More than just a fad, the advent of cryptocurrency has become a watershed moment for 21st-century financial markets. Since digital currencies are here to stay, why not make them work to your advantage in the long run?

A self-directed individual retirement account (SDIRA) is your ticket to capitalizing on the potential of investment options like cryptocurrency tokens. The growing popularity of web3 products has led to digital assets being held as major holdings
in investment funds like retirement accounts.

While the idea isn’t exactly novel, it has only recently started catching the fancy of small, individual investors who prefer managing their own investment opportunities.

So, can cryptocurrencies be a part of your self-directed IRA? Absolutely!

But before we delve deeper into what assets your self-directed IRA account can hold, let’s first understand what exactly a self-directed IRA is and how it functions.

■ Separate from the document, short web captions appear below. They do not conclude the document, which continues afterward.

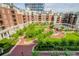 Beautiful courtyard with lush landscaping, walkways, and amenities in a luxury condo community at 300 W 5Th St # 404, Charlotte, NC 28202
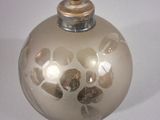 a small glass bottle with a gold decoration on it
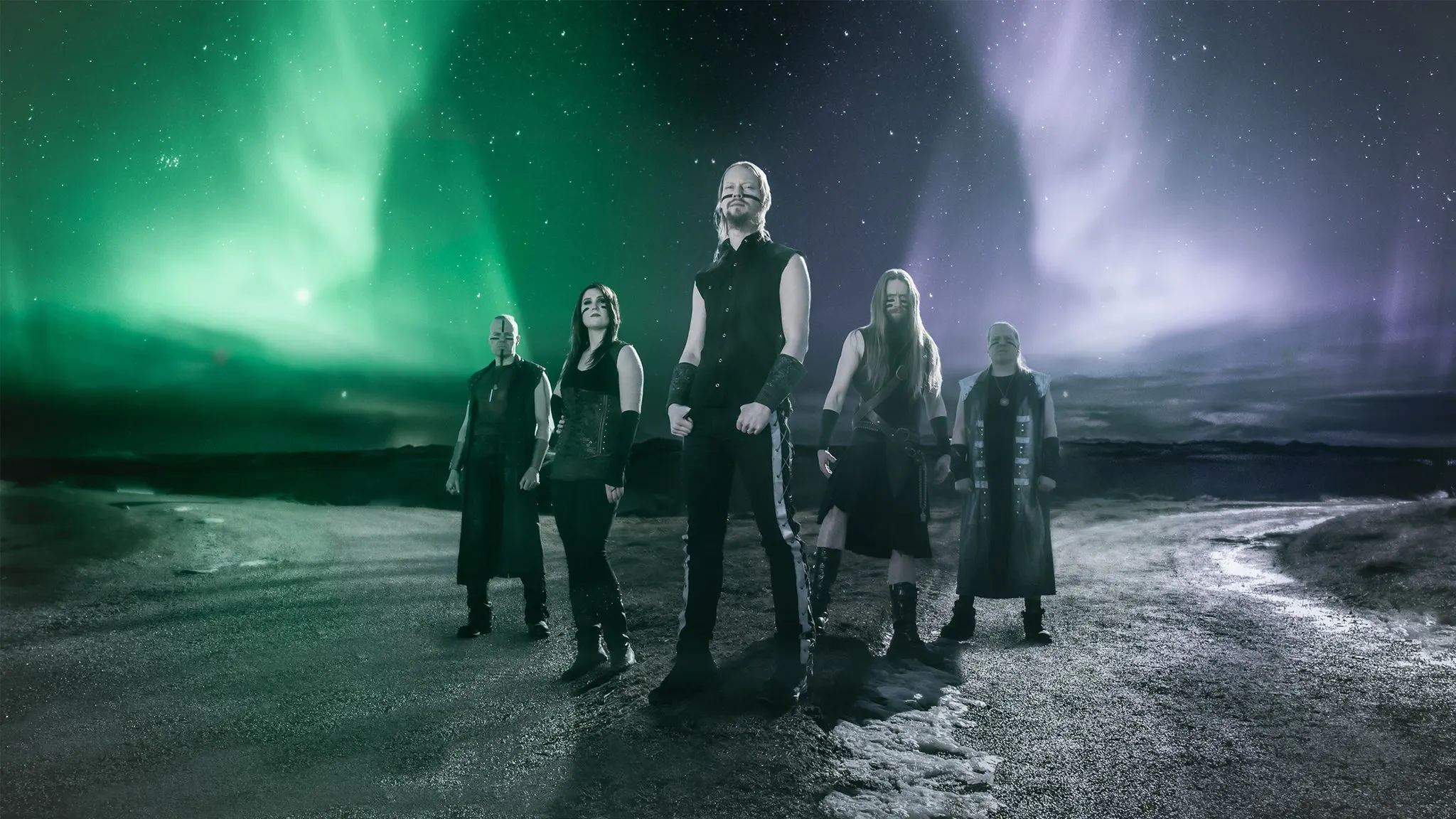 The five members of Ensiferum in dark stage clothes standing on a rocky road under green and purple northern lights, ahead of their El Corazon show near Grappa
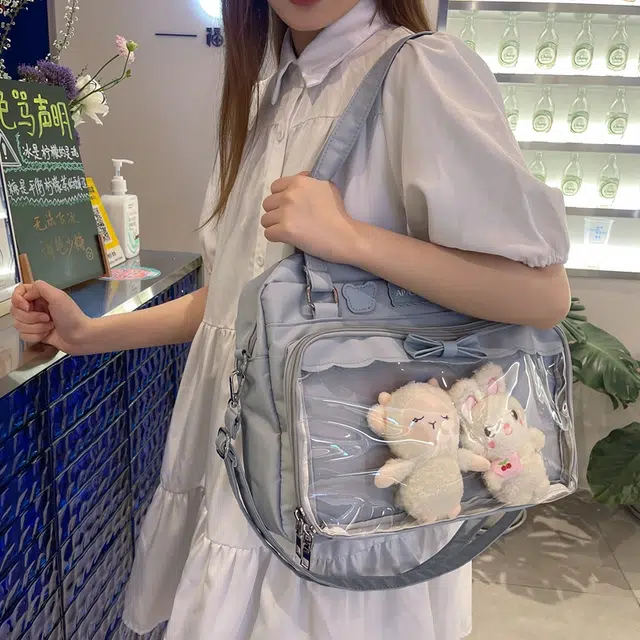 德力熊 日系软妹蝴蝶结 尼龙 斜挎单肩包 常规 女款 粉/蓝/白/黑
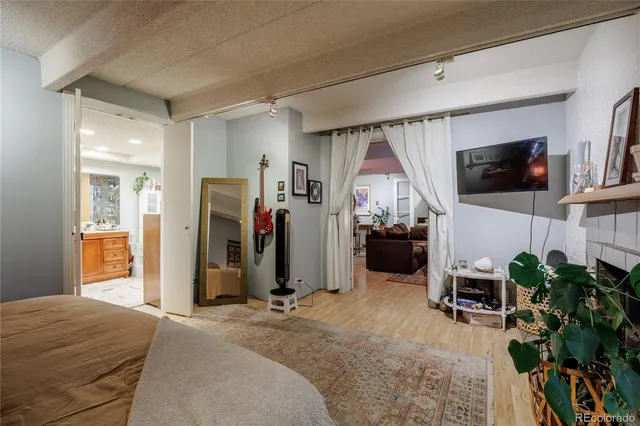 a bedroom with furniture and a flat screen tv
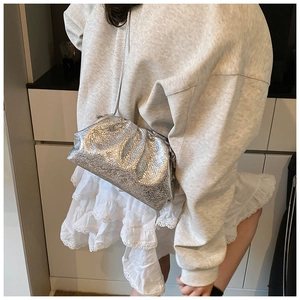 Silver metallic pleated cloud bag shown with a long shoulder strap on a fashion model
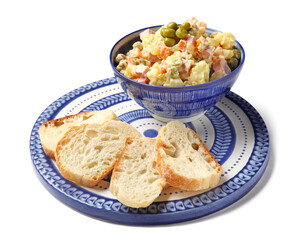 Bowl of tasty Olivier salad and bread on white background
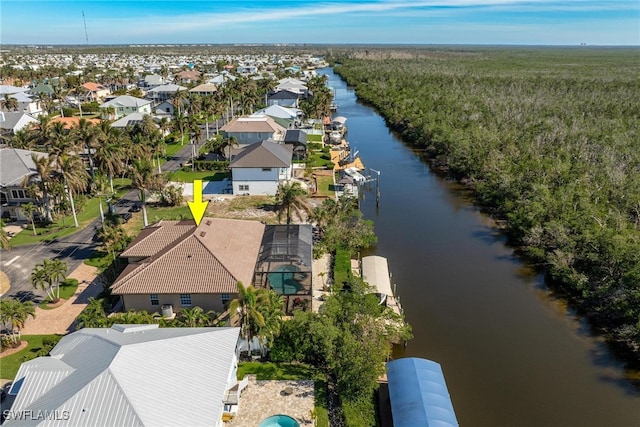 drone / aerial view with a water view and a residential view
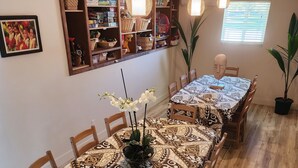 Ein Essbereich mit einem langen Tisch, bedeckt mit einer gemusterten Tischdecke, Holzsesseln, hängenden Pendelleuchten, einem Blumentopf und einem Regal mit diversen Gegenständen.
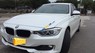 BMW 3 Series  320i 2014 - Cần bán xe BMW 3 Series 320i đời 2014, màu trắng, xe nhập chính chủ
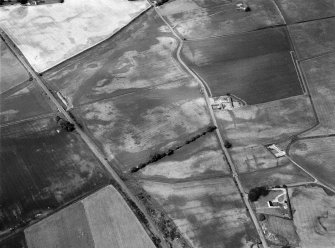 Oblique aerial view centred on the cropmarks of the unenclosed settlement, ring ditches and rig at West Mains of Hedderwick, looking to the SW.
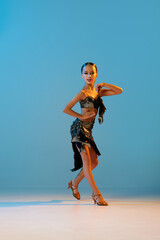 Samba dance. Beautiful little girl in stage attire dancing latino madern ballroom dance over blue...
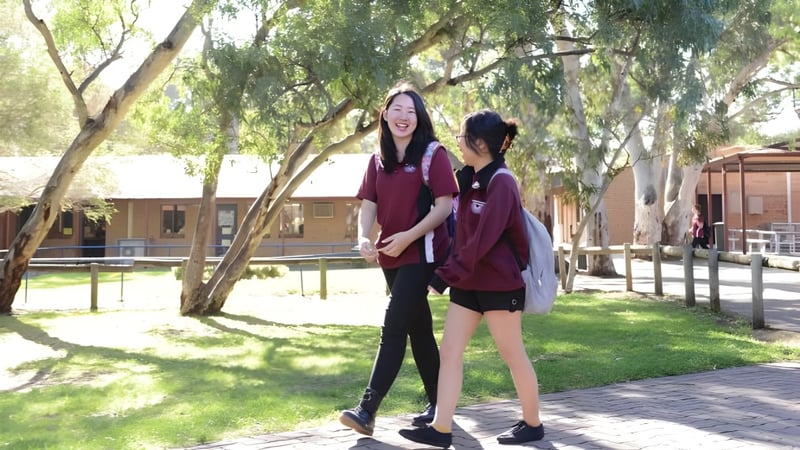 Zwei Schülerinnen der Aberfoyle Park High School stehen gemeinsam in einer parkähnlichen Umgebung mit viel Grün und Bäumen.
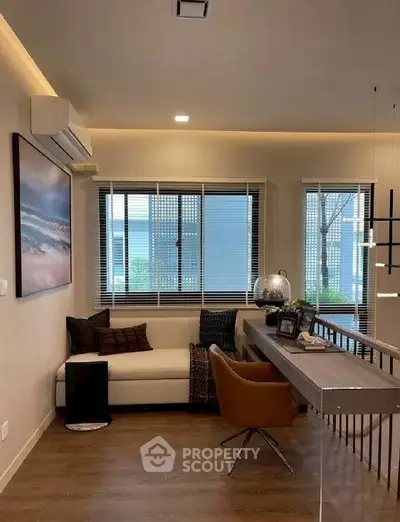 Modern living room with stylish decor and large windows offering natural light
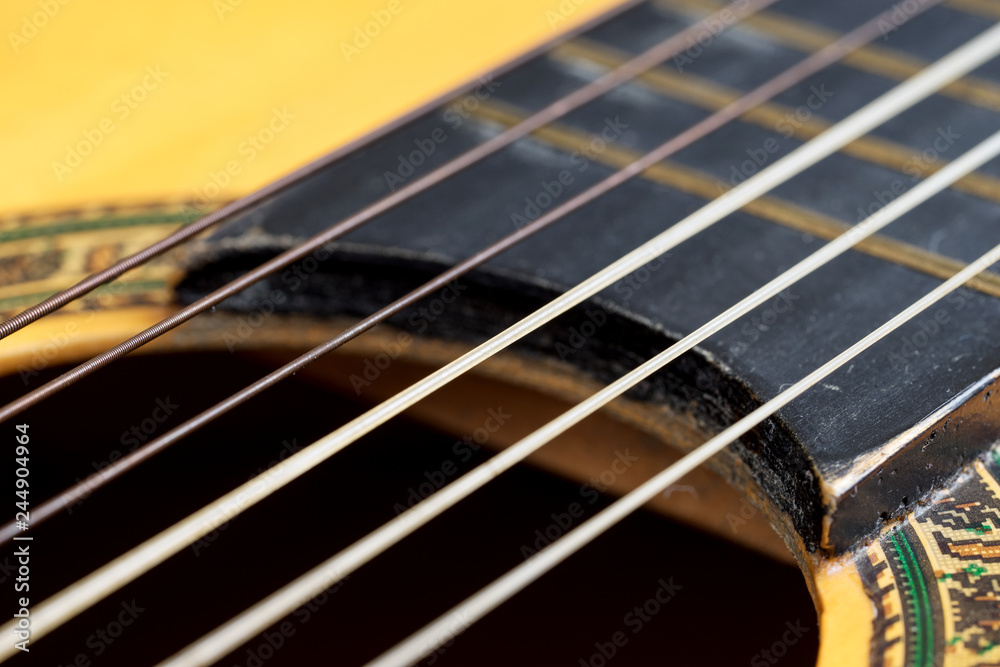 Closeup wooden classical guitar. Old classical guitar with nylon strings. Old acoustic guitar Closeup wooden classical guitar. Old classical guitar with nylon strings. Old acoustic guitar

What Is a Self-Directed IRA?

An Individual Retirement Account or IRA is a special type of savings account wherein users can save or make tax-free (or advantaged) investments in the long term. As the name suggests, it’s a type of retirement savings. You can open an IRA through
your bank, an investment company, an online brokerage, or a personal broker.

The problem with traditional IRAs is that they don’t allow users to hold certain alternative investments such as digital assets. This is where self-directed IRAs come in handy. Like a regular IRA, self-directed IRAs offer tax-free gains to the
account holder, either via a traditional IRA or a Roth IRA. However, they also provide the added benefit of holding alternative assets, which can mean greater diversification.

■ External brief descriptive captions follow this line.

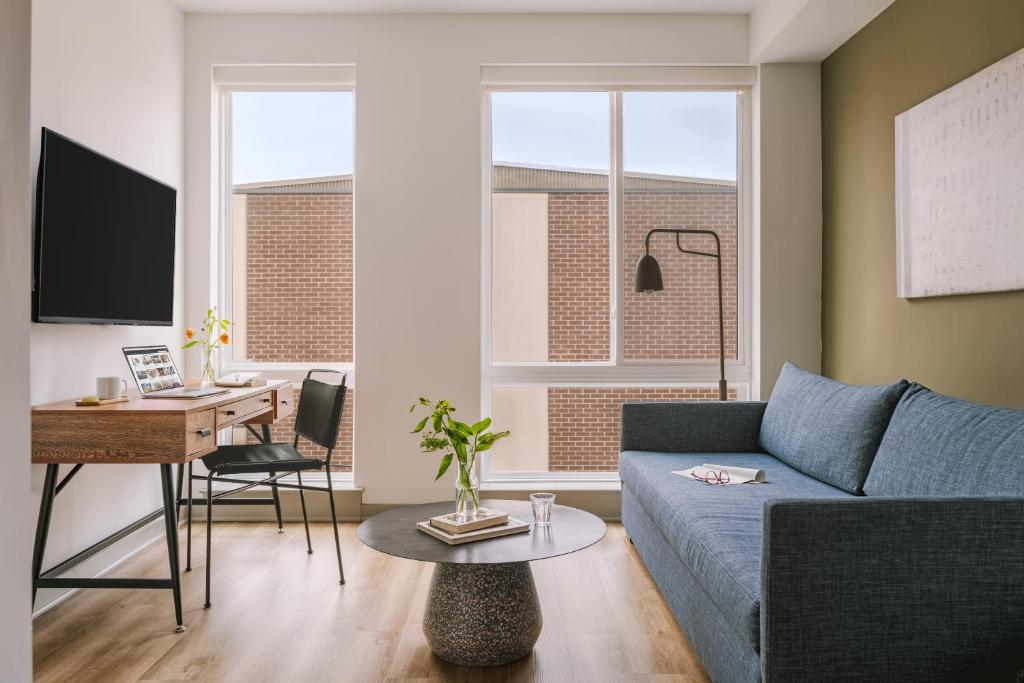 a living room with a blue couch and a desk at Sonder The Sloan in Philadelphia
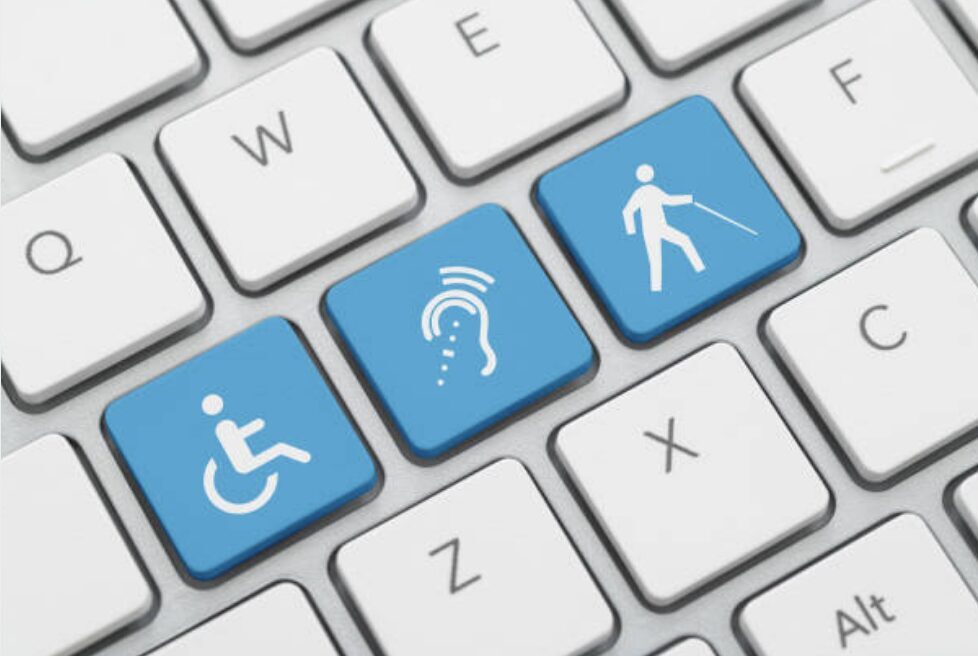Three accessibility icon on computer keyboard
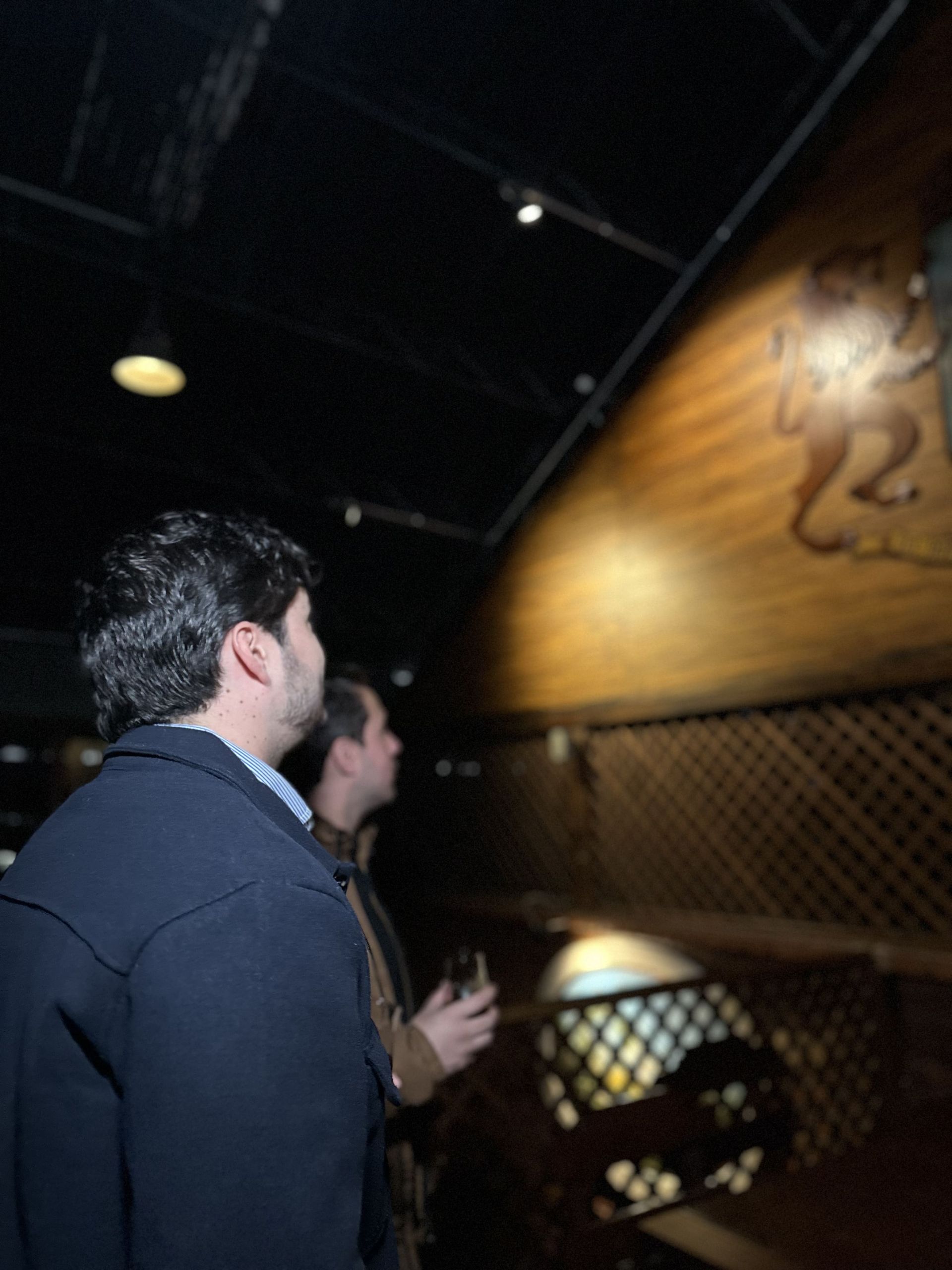 A man and a woman are standing next to a large wooden barrel.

Regular IRA users choose their offerings from a pool of assets, usually restricted to stocks, bonds, mutual funds, ETFs, and certificates of deposit. On the other hand, the Internal Revenue Service (IRS) offers a larger number of options to SDIRA

From real estate and cryptocurrency to private equity and precious metals, investors are free to choose from a vast array of assets. This variety allows you to diversify your portfolio and retirement plan, which in turn can help you stay afloat
in the face of market uncertainty or financial adversity.

As the name also suggests, a self-directed IRA hands over the reins of the account to the original account holder. What does this mean for you? Your account or fund manager won’t be able to intervene in your SDIRA investment decisions.

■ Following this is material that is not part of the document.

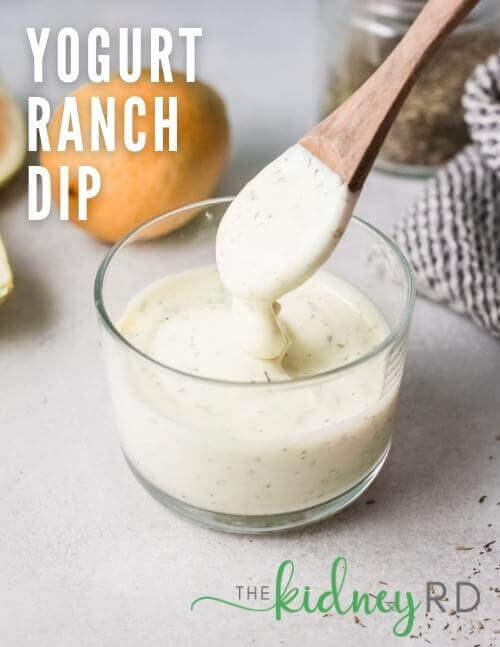 Overhead picture of Yogurt Ranch Dip and wooden spoon with lemons and black and white tea towel in the background.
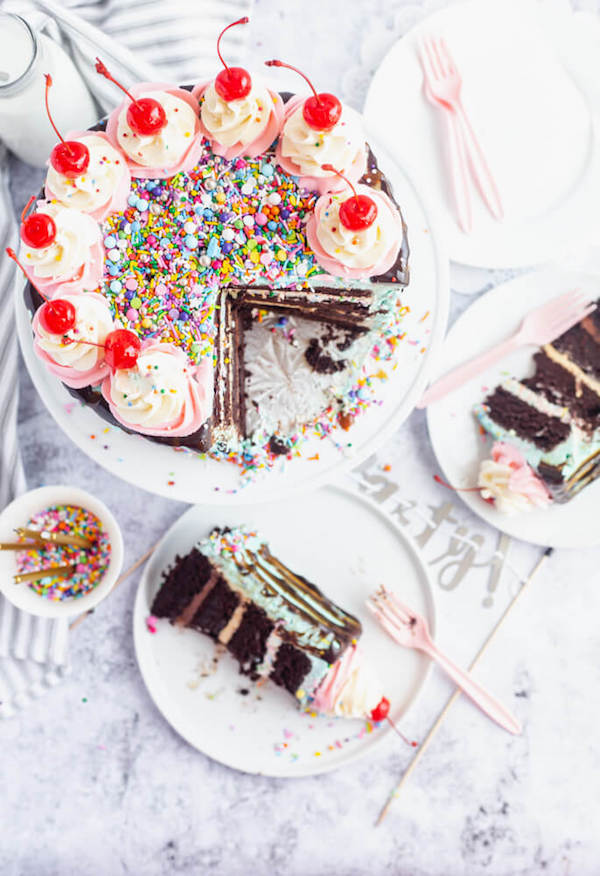 chocolate cake filled with vanilla sprinkle, caramel and chocolate buttercream and covered in a teal sprinkle frosting, topped with maraschino cherries and decorated with more sprinkles.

Instead, there’s a self directed IRA custodian (usually a trust company), whose duties are limited to ensuring the safety of your holdings and performing nominal tasks, albeit under your authorization. One of the biggest advantages of these restrictions
is that the lack of external involvement will likely reflect a lower account fee.

As the sole account holder, you manage your transactions and make all the decisions concerning your portfolio as you see fit. Your agency is reflected in the strategies you put into place to achieve specific financial goals. However, this amount
of freedom and control over your holdings comes with certain responsibilities. As you near retirement and your account nears maturity, you might have to put in a few extra hours to manage your SDIRA. You can, of course, choose to seek advice
from professional accountants and financial advisors before making any big decisions.

How To Set Up a Self Directed IRA

Most brokerage firms or IRA providers only allow you to open regular IRAs. To set up a self-directed IRA, you can work with Dorado to get all the resources you need, including a specialized IRA custodian.

Custodians differ in the types of investments they handle, so make sure to pick someone who understands your financial goals and offers the choices you are looking for. For example, some custodians let you invest in gold bullions and private
equity, while others provide real estate and web3-based holdings. Once you find a custodian you trust, you can open an account and put money into it, just like you would with any other type of IRA.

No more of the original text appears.